Looking none too cheerful, Mom eventually answered my pleas. “What is it now?” she demanded.

“Poison oak!” I croaked.

So Mom and Lance ripped the tape from my screaming flesh. It was difficult to tell which of them enjoyed it more. As for me, I was incredulous that a human being could retain his reason through such agony. When at last the final piece of tape was plucked from my raw, inflamed, now virtually hairless torso, Mom rubbed on a soothing salve. Slowly, the torment began to subside.

“Thanks, Mom,” I said.

“The way you’ve been behaving, I should have let you suffer,” replied Mom. “That’ll teach you to disobey me.”

“I already know how to do that,” mumbled François.

“What did you say, buster?”

“I said I know better than to do that.”

5:30
P.M
. I stayed home from school, of course. As the itching subsided, my nervous system regained the circuit capacity to register the merciless throbbing in my shoulder.

7:45
P.M
. The loathsome Lance was here again for dinner (I had mine in my room on a tray). His patrol car is still parked outside. Meanwhile, parked across the street and staring moodily toward the house is Mom’s erstwhile lover, Wally Rumpkin. I fear she must have given him the word that his services would no longer be required. I only hope if Wally is packing a gun, he is an accurate shot. I would hate to catch a misdirected bullet intended for a fat policeman.

TUESDAY, September 25
— Another day alone in my room. A couple more weeks of this and I’ll have tied Nelson Mandela’s record. What with the bruises, bandages, and patches of distressed skin, one might almost suppose I was in the custody of the South African police.

Speaking of police, there was a mild altercation on our street at 2
A.M
. last night. When Lance discovered that Wally was still parked out front, he phoned in a request to his colleagues for some middle-of-the-night police brutality.
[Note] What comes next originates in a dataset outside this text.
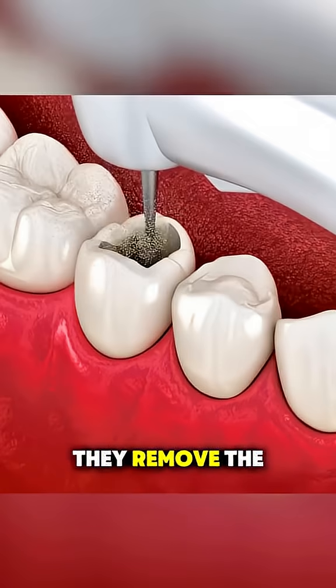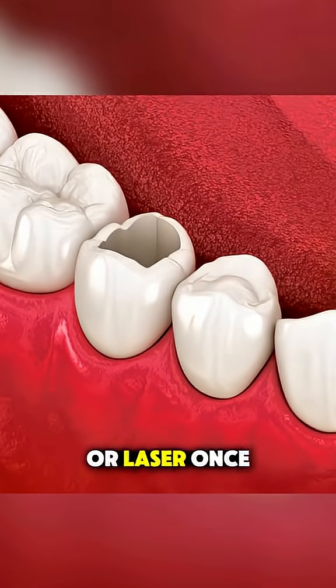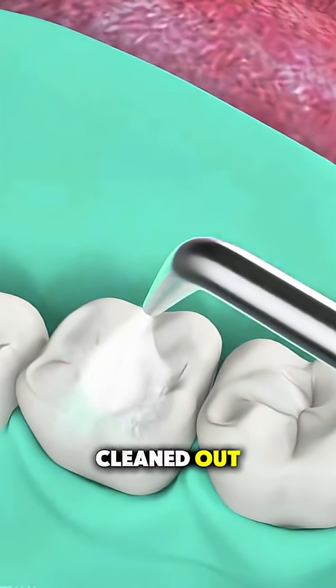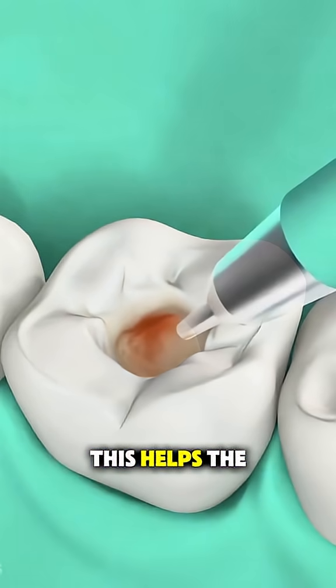Then, they remove the decayed or damaged part of the tooth using a drill or laser. Once the tooth is cleaned out, they apply a special gel to roughen the surface. This helps the filling stick better.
Three squad cars answered the call and within 20 seconds a half dozen cops had Wally out of his car and spread-eagled facedown on the asphalt. Then one cop “found” an open container of beer on Wally’s front seat, so they cuffed him and carted him off for driving under the influence. I hope the charge doesn’t jeopardize Wally’s trucker’s license. I’ve decided Mom’s boyfriends are a lot like U.S. Presidents. You keep thinking they can’t get any worse. And then she comes up with a Lance Wescott.

11:00 A.M. Sheeni just called. After the phone rang 35 times I knew it couldn’t be one of Mom’s friends, so I answered it. It was My One and Only Love, dialing direct.

“Hello, darling,” said Sheeni. “I guessed you’d be cutting school. How wonderfully bad of you!”

I decided not to divulge to Sheeni that I had a valid medical excuse. “Yes, I’m being flagrantly rebellious as usual,” I said. “Where are you calling from, sweetheart?”

“From the hallway of dear old Redwood High,” she replied. “Some boys in the electronics shop altered the pay phone so you can call anywhere in the U.S., Canada, or Europe for free. It’s proving a great boon to the study of geography.”

“Were your parents angry when you got back late?” I asked.